Our work is important because when you make weather predictions, you want to know how much you can predict, and how much is due to “noise,” therefore can’t be predicted. Also, recent studies show the North Atlantic Ocean and Arctic Ocean are linked, via water exchanges through the Fram Strait, and through atmospheric transport from middle to high latitudes. Therefore, the work we’re doing is also important in order to better understand the link between the Arctic and North Atlantic, as well as to gain insight into the future of the Arctic.

Last but not least – last night at 2am, when the sun was low in the sky, somewhere in the Arctic Ocean, unexpectedly from the grey thick fog I saw a shining white rainbow and a field of icebergs. As it grew stronger and brighter I realized that this encompasses really how amazing the process of doing research is for me – you have never seen it before, it is beautiful, magical, and unexpected, and it keeps you curious and intrigued about what you see, and least but not last – although sometimes it might make no sense for others (like a white rainbow in the middle of a foggy day/night), it gives you a beautiful feeling of accomplishment because it is unique and brings unexpected results!

– Ioana Colfescu

Most days here in the Arctic have been cloudy, so it’s exciting whenever we see the Sun peek from behind the clouds – and rare sunny days have caused pure glee.
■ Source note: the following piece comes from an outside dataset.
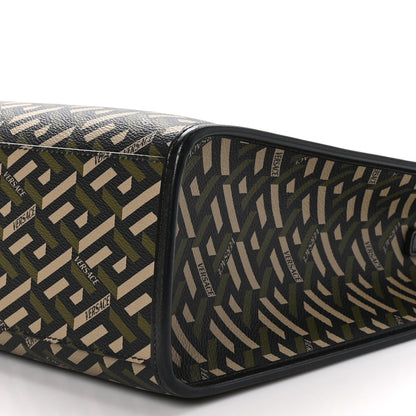 Versace Coated Canvas Calfskin La Greca Signature Tote Bag Black Khaki 9 of 9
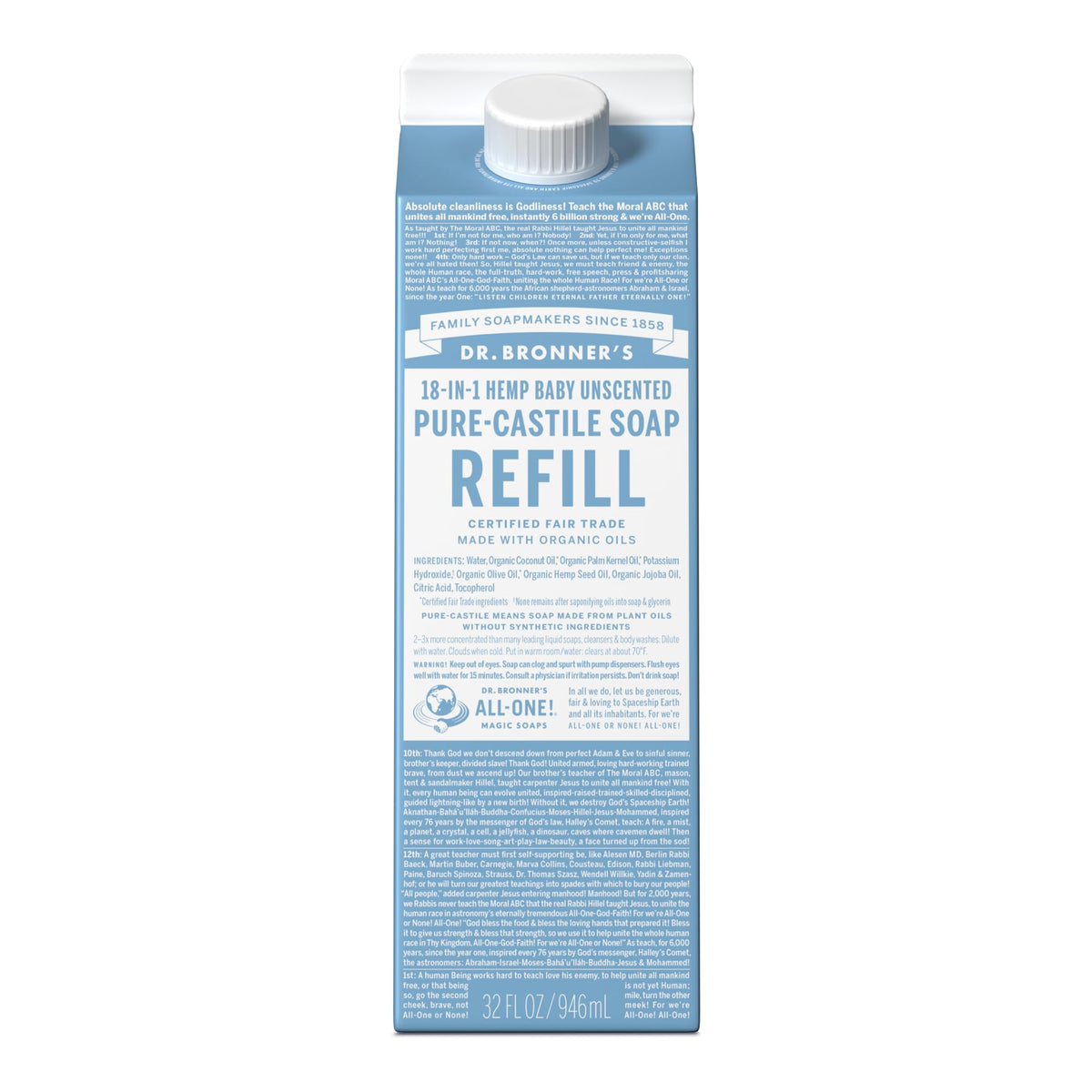 Dr. Bronner's Pure-Castile refil con envase regenerativo que reduce plástico y cuida el planeta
But we don’t just say “cloudy,” “partly cloudy,” or “sunny,” like on the news. The Arctic climate depends on the whole system, which includes the atmosphere, ocean, and sea ice – and how all these things affect each other. So it’s vital that we have detailed observations of what the atmosphere is doing. Sasha Chernokulsky has been leading the cloud observations, or “cloud obs,” on the expedition, and several of the Summer School students are working with him to learn the process.

Step 1: Go out on the top deck to get a full 360° view of the sky. This is where the experience comes in – you identify cloud type (cumulus, stratus, cirrus, or all the combinations of those, like stratocumulus, cumulocirrus, etc), and how much sky is covered by that cloud type on a scale of 0 to 10; 10 being full-sky coverage. (This is the standard Russian scale; according to the World Meteorological Organization, the scale is 0 to 8.) On this day, Irina and I were with Sasha out on the deck. Sasha explained that observations around the horizon are not reliable, so here we officially observed “total coverage” of flat layers of clouds with some rounded feature details (type: stratocumulus, scale: 10).

Step 2: Record your observations back in the Flight Tower (it’s a pretty sweet office, or lab, with a view of the ocean and the ship’s heli-deck). Make notes of cloud type, cloud coverage from 0 to 10, degree of visible Sun from N (not visible) to 2 (fully visible disk), and cloud height, as measured by the ceilometer. (This sends a laser upward, which reflects back down off the clouds. We know the speed of light, and we measure the time it takes, so we can calculate the height of clouds.)

Step 3: Come back in 1 hour, and repeat!